Tahiti 80 are a French indie pop band from Rouen. The group was founded in 1992 by Xavier Boyer, Pedro Resende, Médéric Gontier and Sylvain Marchand.

History

Singer and guitarist Boyer and bassist Resende formed the pop combo as students at the University of Rouen. Taking their name from a souvenir t-shirt given to Boyer's father in 1980, the duo recruited guitarist Mederic Gontier, and with the addition of drummer Sylvain Marchand a year later, the lineup was complete. The foursome released a self-produced and self-financed EP, "20 Minutes" which resulted in them signing a deal with French label Atmospheriques.

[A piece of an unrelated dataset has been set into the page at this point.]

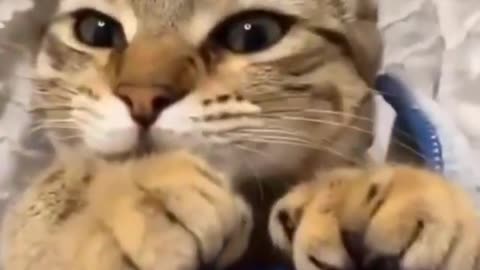 Cute cat Karl in winter time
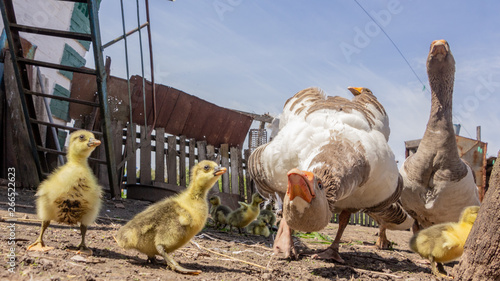 Aggressive home goose, next to small yellow goslings. Against the background of household. photo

In 1998, the band flew to New York City to record their first album Puzzle with Andy Chase. Featuring contributions from Eric Matthews and Adam Schlesinger, Puzzle was mixed in Sweden by Tore Johansson. Puzzle received a gold certification from the RIAJ in December 2000. Tahiti 80's U.S. label, Minty Fresh, released a mini LP called Extra Pieces, which included B-sides, remixes and other rarities.

In 2001, the band re-united with Andy Chase to record a more experimental follow up album, Wallpaper for the Soul. The sessions took place in Rouen, New York City, Étretat, London. and Portland, Oregon. The album was mixed by Tony Lash and arranged by Richard Anthony Hewson. Wallpaper for the Soul was released in 2002, garnered positive reviews.

Following that, Xavier Boyer selected songs for a compilation called "A Piece of Gold" on behalf of the band. Featuring Todd Rundgren, Small Faces, and Donald Byrd, it was only released in Japan.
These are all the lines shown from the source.